Disaggregando i dati in base alla natura giuridica, emerge come solo le società più strutturate, aventi forma di società di capitale, abbiano mostrato, nel periodo in esame, un tasso di crescita positivo (+5%). Le ditte individuali, che rappresentano poco meno dell’80% del tessuto artigiano, hanno purtroppo evidenziato ancora una flessione (-1,1%). Si registra una dinamica ancor più negativa per le società di persone (-3%) e le altre forme (-1,3%).

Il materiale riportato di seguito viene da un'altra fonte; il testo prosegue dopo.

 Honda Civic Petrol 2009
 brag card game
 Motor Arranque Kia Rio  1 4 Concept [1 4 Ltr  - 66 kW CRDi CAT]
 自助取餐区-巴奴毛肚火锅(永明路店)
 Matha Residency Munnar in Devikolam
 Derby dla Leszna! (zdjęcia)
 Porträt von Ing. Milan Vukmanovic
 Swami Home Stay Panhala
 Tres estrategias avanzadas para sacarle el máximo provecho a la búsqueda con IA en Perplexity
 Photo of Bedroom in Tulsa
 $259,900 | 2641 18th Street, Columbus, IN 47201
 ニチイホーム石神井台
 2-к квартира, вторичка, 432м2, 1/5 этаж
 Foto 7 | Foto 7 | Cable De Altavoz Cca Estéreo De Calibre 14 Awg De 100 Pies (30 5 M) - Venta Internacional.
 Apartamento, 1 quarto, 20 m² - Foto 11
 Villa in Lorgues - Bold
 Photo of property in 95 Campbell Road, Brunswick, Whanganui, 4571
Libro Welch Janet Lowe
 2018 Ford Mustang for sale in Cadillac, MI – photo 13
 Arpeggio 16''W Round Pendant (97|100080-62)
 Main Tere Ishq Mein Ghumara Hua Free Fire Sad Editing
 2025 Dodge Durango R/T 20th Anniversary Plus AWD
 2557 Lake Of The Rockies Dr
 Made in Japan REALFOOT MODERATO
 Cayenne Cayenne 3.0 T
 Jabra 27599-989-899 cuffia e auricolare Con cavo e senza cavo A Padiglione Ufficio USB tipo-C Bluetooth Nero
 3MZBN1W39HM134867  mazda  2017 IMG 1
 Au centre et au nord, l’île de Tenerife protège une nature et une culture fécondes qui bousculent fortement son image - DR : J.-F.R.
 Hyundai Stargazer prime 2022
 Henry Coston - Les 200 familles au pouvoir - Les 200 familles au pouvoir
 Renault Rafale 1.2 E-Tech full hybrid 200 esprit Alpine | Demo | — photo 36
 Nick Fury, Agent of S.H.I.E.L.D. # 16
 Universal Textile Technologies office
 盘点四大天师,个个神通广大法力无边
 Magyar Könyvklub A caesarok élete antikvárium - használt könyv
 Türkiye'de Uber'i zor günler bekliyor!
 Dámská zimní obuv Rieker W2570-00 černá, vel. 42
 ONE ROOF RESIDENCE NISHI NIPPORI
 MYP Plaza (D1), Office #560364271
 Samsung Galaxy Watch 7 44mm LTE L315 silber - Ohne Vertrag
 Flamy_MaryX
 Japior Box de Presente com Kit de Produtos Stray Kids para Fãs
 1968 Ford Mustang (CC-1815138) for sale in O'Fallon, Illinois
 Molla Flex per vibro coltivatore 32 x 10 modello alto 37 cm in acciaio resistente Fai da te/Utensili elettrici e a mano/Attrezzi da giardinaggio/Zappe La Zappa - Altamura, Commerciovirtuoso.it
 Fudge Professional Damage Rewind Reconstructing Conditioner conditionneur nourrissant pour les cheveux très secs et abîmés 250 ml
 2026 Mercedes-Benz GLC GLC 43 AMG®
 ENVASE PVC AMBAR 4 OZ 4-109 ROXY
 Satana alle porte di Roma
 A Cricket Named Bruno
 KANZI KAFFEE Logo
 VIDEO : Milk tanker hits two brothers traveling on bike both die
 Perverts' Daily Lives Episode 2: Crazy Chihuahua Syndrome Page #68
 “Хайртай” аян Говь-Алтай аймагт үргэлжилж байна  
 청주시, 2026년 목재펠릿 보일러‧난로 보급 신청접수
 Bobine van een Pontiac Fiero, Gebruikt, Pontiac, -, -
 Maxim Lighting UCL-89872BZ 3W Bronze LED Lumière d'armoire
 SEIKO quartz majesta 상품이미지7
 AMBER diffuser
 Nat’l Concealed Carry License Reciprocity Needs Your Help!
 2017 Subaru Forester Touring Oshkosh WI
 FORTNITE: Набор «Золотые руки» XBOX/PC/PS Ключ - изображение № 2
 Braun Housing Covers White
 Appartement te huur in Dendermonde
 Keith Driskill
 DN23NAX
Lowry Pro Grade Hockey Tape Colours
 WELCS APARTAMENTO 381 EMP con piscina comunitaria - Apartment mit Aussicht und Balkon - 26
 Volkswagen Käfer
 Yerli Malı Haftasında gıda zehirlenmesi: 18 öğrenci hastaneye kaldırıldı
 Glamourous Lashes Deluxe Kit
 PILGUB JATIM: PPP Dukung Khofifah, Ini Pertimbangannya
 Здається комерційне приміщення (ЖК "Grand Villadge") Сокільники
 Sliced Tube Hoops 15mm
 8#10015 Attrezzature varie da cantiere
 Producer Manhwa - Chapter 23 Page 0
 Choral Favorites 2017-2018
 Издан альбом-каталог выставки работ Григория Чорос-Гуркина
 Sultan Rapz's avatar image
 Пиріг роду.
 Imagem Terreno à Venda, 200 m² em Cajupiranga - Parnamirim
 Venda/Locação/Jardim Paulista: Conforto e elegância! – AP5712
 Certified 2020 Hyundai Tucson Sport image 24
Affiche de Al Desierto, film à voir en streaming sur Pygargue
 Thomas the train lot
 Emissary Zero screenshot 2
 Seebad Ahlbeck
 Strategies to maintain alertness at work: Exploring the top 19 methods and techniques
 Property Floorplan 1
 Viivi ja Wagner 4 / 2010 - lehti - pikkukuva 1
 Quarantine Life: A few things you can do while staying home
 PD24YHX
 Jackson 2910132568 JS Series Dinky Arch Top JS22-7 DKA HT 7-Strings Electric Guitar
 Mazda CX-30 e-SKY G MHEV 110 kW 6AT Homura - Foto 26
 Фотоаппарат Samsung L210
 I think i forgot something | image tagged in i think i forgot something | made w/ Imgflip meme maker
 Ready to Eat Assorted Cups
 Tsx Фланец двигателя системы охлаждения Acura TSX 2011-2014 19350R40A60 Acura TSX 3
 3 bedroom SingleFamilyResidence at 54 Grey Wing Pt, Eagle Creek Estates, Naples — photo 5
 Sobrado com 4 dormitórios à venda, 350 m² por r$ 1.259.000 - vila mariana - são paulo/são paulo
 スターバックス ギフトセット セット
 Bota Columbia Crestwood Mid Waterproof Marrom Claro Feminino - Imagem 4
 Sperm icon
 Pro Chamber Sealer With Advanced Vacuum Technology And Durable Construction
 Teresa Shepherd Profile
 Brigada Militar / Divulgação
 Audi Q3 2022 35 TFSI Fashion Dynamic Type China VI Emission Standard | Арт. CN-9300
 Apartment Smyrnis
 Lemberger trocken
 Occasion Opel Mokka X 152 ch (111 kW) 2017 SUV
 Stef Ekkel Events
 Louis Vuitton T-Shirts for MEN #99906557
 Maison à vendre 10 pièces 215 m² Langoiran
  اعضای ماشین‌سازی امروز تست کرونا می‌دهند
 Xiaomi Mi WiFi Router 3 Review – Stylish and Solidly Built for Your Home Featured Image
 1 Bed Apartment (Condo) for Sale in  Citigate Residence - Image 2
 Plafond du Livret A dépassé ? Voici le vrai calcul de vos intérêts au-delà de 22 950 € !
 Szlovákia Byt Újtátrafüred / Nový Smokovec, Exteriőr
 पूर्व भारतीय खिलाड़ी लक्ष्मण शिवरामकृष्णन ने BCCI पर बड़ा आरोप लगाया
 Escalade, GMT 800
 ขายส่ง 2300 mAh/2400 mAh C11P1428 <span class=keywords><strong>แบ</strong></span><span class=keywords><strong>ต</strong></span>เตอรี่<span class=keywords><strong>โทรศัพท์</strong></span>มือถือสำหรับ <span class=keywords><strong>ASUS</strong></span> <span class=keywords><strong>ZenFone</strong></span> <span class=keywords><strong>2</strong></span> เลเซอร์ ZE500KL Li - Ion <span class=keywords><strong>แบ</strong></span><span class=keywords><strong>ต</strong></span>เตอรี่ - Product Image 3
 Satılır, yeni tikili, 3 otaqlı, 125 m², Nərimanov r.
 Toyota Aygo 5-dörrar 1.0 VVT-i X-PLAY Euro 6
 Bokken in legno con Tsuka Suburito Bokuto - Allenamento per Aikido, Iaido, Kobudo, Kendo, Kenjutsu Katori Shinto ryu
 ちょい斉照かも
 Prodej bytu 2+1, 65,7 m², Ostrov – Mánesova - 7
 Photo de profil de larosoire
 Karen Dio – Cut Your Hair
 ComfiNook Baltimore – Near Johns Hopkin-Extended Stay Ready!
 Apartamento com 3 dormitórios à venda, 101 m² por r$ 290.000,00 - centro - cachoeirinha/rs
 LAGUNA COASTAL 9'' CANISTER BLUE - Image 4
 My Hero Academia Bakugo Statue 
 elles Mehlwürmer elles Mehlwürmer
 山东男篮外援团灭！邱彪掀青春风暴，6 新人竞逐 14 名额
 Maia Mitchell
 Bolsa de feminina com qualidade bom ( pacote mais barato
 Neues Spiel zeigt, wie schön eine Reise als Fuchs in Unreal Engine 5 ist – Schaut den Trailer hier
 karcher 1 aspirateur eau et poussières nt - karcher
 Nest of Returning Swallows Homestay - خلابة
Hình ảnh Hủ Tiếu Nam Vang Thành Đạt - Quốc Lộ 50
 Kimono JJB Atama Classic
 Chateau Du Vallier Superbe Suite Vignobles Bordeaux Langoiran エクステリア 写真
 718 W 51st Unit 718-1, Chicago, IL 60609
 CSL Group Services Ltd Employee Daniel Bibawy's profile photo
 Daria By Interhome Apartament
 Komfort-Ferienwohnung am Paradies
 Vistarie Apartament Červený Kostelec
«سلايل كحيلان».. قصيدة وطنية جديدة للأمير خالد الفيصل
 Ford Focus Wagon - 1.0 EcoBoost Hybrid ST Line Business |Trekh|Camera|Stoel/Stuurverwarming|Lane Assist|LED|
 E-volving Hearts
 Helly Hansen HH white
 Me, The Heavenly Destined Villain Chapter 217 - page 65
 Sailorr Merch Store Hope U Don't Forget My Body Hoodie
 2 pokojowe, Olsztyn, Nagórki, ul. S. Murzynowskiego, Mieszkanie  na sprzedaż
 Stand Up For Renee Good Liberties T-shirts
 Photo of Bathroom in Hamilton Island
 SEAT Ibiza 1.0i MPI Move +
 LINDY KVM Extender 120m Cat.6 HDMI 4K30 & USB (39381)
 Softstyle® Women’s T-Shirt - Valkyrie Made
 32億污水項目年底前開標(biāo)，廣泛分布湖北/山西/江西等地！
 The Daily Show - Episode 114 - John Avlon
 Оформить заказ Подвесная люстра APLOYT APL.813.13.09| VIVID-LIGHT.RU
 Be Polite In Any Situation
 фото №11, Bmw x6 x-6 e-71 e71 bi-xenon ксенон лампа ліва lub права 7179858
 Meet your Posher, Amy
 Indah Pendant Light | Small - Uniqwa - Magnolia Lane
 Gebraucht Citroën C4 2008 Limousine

A livello settoriale il primo comparto per numerosità di imprese artigiane si conferma, anche nel 2018, quello edile, con il 41,5% delle realtà imprenditoriali artigiane piemontesi. Questo settore, così rilevante per il comparto artigiano, registra nuovamente un dato pesantemente negativo (-1,6%). L’industria in senso stretto, con il 22,0% delle imprese artigiane della regione, mostra un tasso di variazione annuo dello stock pari a -1,7%, seguita dal turismo con una flessione di analoga entità (-1,7%). Gli altri servizi manifestano una sostanziale stabilità rispetto al 2017 (+0,0%) Le altre realtà artigiane realizzano risultati lievemente negativi e migliori rispetto alla media complessiva regionale: commercio (-0,7%) e agricoltura (-0,3%).

A livello territoriale, la distribuzione delle imprese artigiane è analoga a quella del tessuto imprenditoriale nel suo complesso. Un’impresa artigiana su due ha sede, infatti, nel capoluogo regionale. A Cuneo si concentra il 15% delle realtà; seguono Alessandria, con il 9,3%, e Novara, con una quota parti al 7,9%. Le altre province evidenziano quote inferiori o pari al 6%.

Nel 2017, le criticità maggiori si sono riscontrate, come già avvenuto nel 2017, a Biella e Alessandria (entrambe subiscono una contrazione del 2,2%). Flessioni più o meno intense caratterizzano anche tutte le altre province, ad eccezione di Asti, che manifesta un tasso di crescita nullo (+0,0%). Il Verbano Cusio Ossola registra un dato pari a quello medio regionale (-1,1%). Le imprese artigiane di Torino, Novara e Cuneo calano dell’1,0%, mentre Vercelli si attesta al-0,8%.